When choosing a PHP framework, should you pay attention to speed tests?

I make websites!
I have experience writing in PHP on my own "bicycle" MVC simple framework and on Phalcon PHP.

I’m thinking of switching to Symfony or Laravel (because I make websites for clients and sometimes other people have to support websites and it’s not the easiest thing for them to understand other people’s code - at least in terms of time)

I wrote several times on Phalcon PHP - the speed of work is super, but you need to install the PHP extension - and this is sometimes not easy .... All the same,
I want to give the client the opportunity to transfer the site with a simple clone of files and database to a new server.
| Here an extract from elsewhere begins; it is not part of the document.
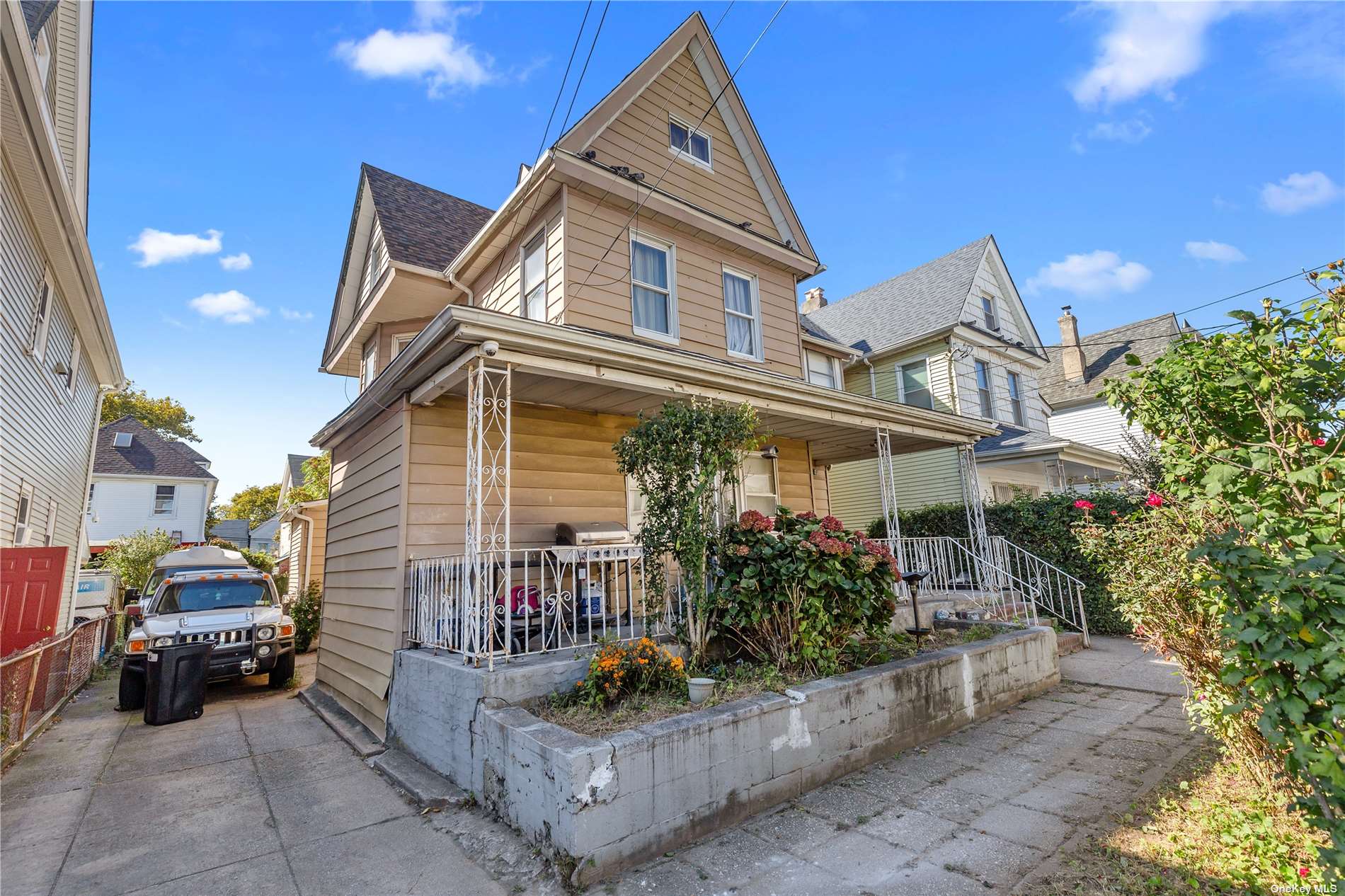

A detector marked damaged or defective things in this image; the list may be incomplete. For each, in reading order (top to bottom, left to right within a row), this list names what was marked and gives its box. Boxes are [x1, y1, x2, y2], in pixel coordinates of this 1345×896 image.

cracked concrete wall [384, 624, 1054, 882]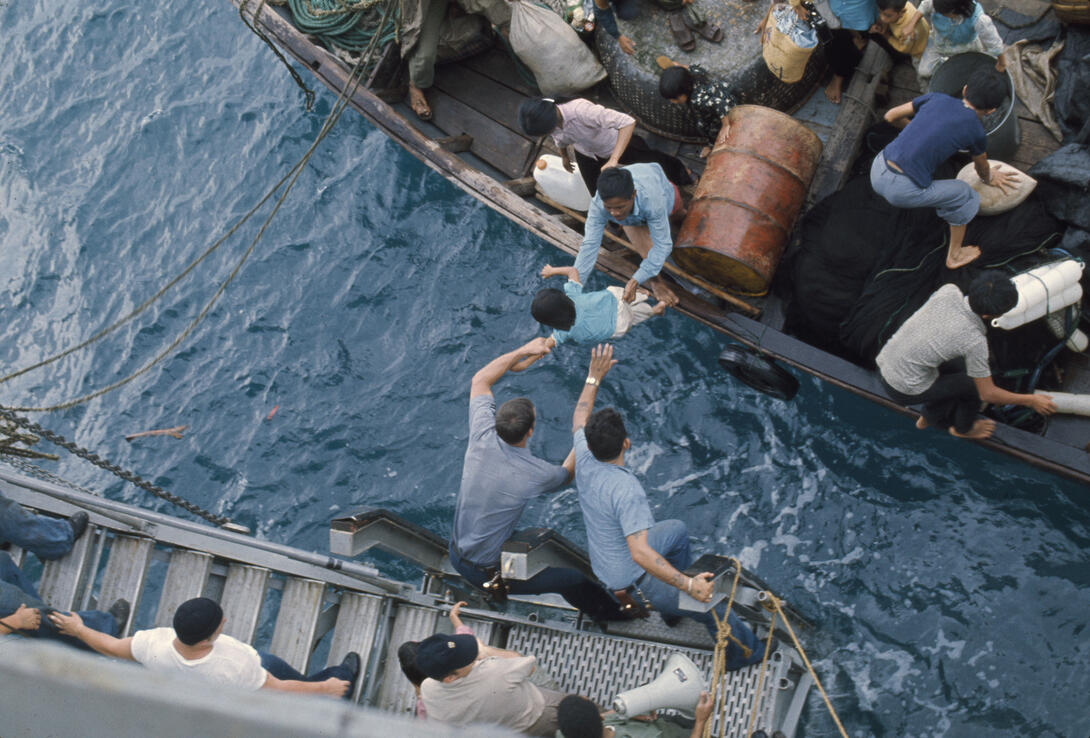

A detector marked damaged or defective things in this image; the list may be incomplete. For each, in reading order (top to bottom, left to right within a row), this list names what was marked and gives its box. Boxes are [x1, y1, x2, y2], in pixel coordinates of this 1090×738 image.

rusty metal barrel [676, 106, 820, 296]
Well, the community of people who own Phalcon PHP is several times smaller than the same Symfony and Laravel ... I

started thinking about the fact that Symfony is more "correct", and Laravel is the fastest in development - but for now we will discard this ...

After looking at a bunch of tests, the speed of these frameworks is terrible (in terms of memory costs, in response speed, in terms of the number of requests processed per minute). But I'm no longer a "boy" and I don't believe in a spherical horse in a vacuum and I understand that all these tests are carried out without optimizations, caching and other accelerating settings.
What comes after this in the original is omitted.